I think we tend to believe the (false) story about the frog, who boils to death because he can’t decide when it’s too hot, because that’s us, that’s human nature.

It feels like everyone is waiting for a signal. “I don’t want to change if others don’t. I think they will find a technological solution. It’s not so bad.”

The wealthy, corporations and individuals, want to make a little more money, buy more acres in NZ. When asked how much 💰 was enough Rockefeller replied “just a little more”.

See also The Bystander Effect and The Abilene Paradox.

1 Comment

  1. Steve

    >>I think we tend to believe the (false) story about the frog, who boils to death because he can’t decide when it’s too hot, because that’s us, that’s human nature.

    Yeah. it’s false: we have intellect, and understand (minimally) that our current decisions affect future outcomes. I think we just don’t want to accept the responsibility that we bear for having f’d up the planet, and don’t have an appreciation for what it really means when it’s dead and gone.

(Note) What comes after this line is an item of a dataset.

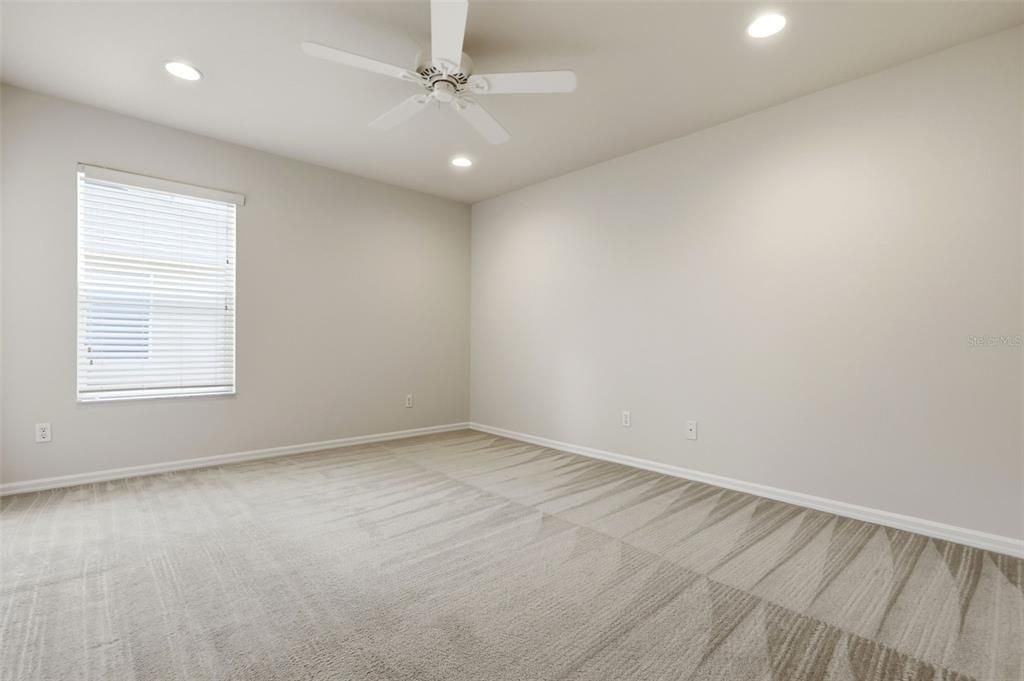 En Venta: $574,900 (4 camas, 2 baños, 3019 Pies cuadrados)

    Also we suck so badly at long and medium-long timescales and have no appreciation for how bad it will actually get before it dies. As I have said before (I sound like a broken record) it really doesn’t matter how good, bad or ugly the climate models are. The only thing the models do is provide timescale(s). There could be 1000% error in the model and it doesn’t matter. The precautionary principle[1] would tell you: “you only get one planet. When it is gone, it is gone permanently. Ugh … Too many competing interests and too little cooperation.

    Unless we discover some completely new physics we aren’t getting out of this galaxy … and probably will be constrained to this solar system without an in-depth understanding of that new physics. I know, that makes me a pessimist. But I think it’s actually just the hammer of reality in play.